All values stored in the db are encrypted with AES-256-GCM. The last part of the key-path is obfuscated with its MAC.

Index

• type DB
  • func Open(fn string, key []byte, opt *bolt.Options) (DB, error)
• type KV
• type Ops
• type Options
• type StorageError
  • func (e *StorageError) Error() string
  • func (e *StorageError) Unwrap() error
• type Tx

Types

type DB

type DB interface {
	// Ops embeds all operations from the Ops interface
	Ops

	// Close finalizes all transactions and releases database resources.
	Close() error

	// BeginTransaction starts a new transaction that can be either read-only
	// or read-write. Multiple read-only transactions can run concurrently,
	// but write transactions are exclusive.
	BeginTransaction(writable bool) (Tx, error)

	// Backup performs a live backup of the encrypted database to the provided
	// io.Writer, returning the number of bytes written. The database remains
	// usable during the backup process.
	Backup(wr io.Writer) (int64, error)
}

DB interface extends Ops with database management functionality

func Open

func Open(fn string, key []byte, opt *bolt.Options) (DB, error)

Create or open a new encrypted bolt db. The supplied 'key' will be expanded and used to encrypt the values stored in the db. The leaf of a key-path is obfuscated while preserving the intermediate paths in plaintext. This compromise gives us better performance without sacrificing too much privacy.

type KV

type KV struct {
	Key string
	Val []byte
}

KV represents a "key, value" pair for storage operations

type Ops

type Ops interface {
	// Get retrieves and decrypts the value stored at the specified path.
	// The path format "a/b/name" is interpreted where intermediate components
	// are buckets and the final component is the key.
	Get(p string) ([]byte, error)

	// Set encrypts and stores a value at the specified path, automatically
	// creating any intermediate buckets as needed. The leaf component of the
	// path is obfuscated while bucket names remain in plaintext.
	Set(p string, v []byte) error

	// SetMany encrypts and stores multiple key-value pairs. Each key follows
	// the path format with automatic bucket creation.
	SetMany(v []KV) error

	// Del removes the encrypted value at the specified path.
	Del(p string) error

	// DelMany deletes multiple keys in a single transaction.
	// Each path is processed according to the hierarchical bucket structure.
	DelMany(v []string) error

	// All retrieves all entries within a given bucket path, returning a map
	// of decrypted key-value pairs.
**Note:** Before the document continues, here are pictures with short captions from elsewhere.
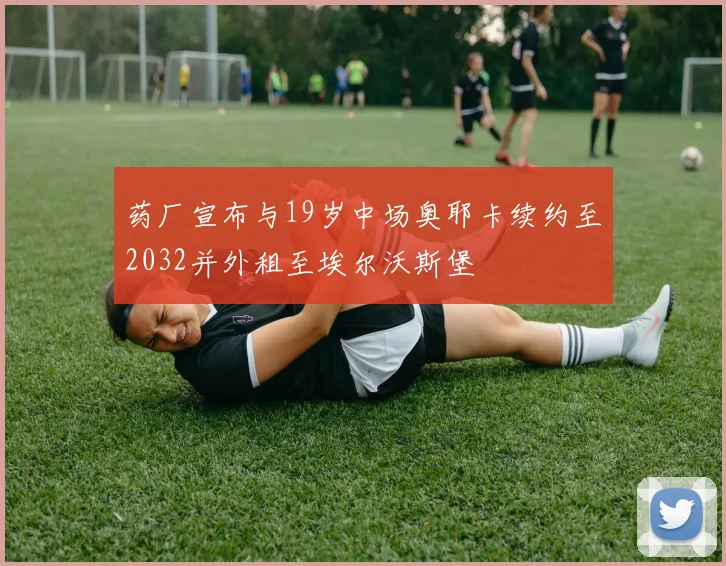 药厂宣布与19岁中场奥耶卡续约至2032并外租至埃尔沃斯堡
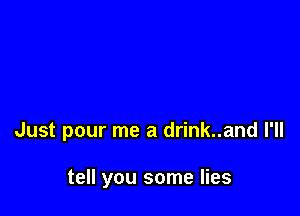 Just pour me a drink..and I'll

tell you some lies
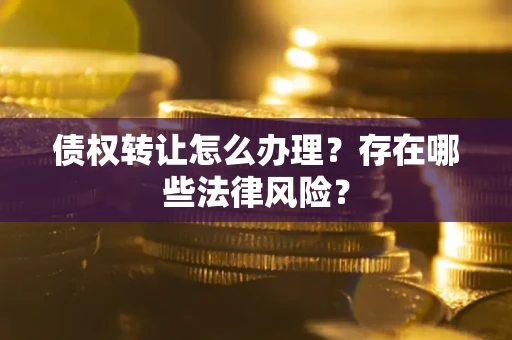 武汉债权转让怎么办理？存在哪些法律风险？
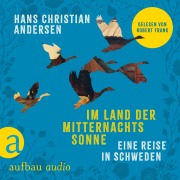 Cover-Bild zum Titel 'Im Land der Mitternachtssonne' von 'Hans Christian Andersen'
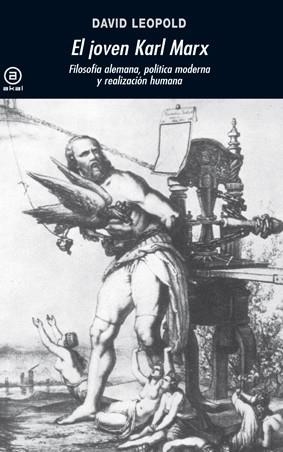 EL JOVEN KARL MARX.FILOSOFÍA ALEMANA,POLÍTICA MODERNA Y REALIZACIÓN HUMANA | 9788446030027 | LEOPOLD,DAVID | Libreria Geli - Librería Online de Girona - Comprar libros en catalán y castellano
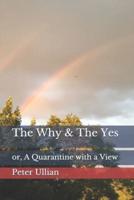 The Why & The Yes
The keys in the map are the original
	// unobfuscated keys.
	All(p string) (map[string][]byte, error)

	// AllKeys returns all keys within a given bucket path without
	// retrieving their values. The returned keys are the original
	// unobfuscated keys.
	AllKeys(p string) ([]string, error)

	// Dir returns all sub-buckets under the specified path without
	// retrieving individual key-value pairs. In boltdb terminology,
	// this returns all sub-buckets of a bucket.
	Dir(p string) ([][]byte, error)
}

Ops interface defines the core operations for the encrypted database.

type Options

type Options = bolt.Options

type StorageError

type StorageError struct {
	Op  string
	Key string
	Err error
}

func (*StorageError) Error

func (e *StorageError) Error() string

func (*StorageError) Unwrap

func (e *StorageError) Unwrap() error

type Tx

type Tx interface {
	// Ops embeds all operations from the Ops interface
	Ops

	// Commit persists all changes made within this transaction to the database.
	// After calling Commit, the transaction is no longer usable.
	Commit() error

	// Rollback discards all changes made within this transaction.
	// After calling Rollback, the transaction is no longer usable.
	Rollback() error
}

Tx interface represents an active transaction. This enables callers to perform multiple operations in 'Ops' and commit in the end or abort.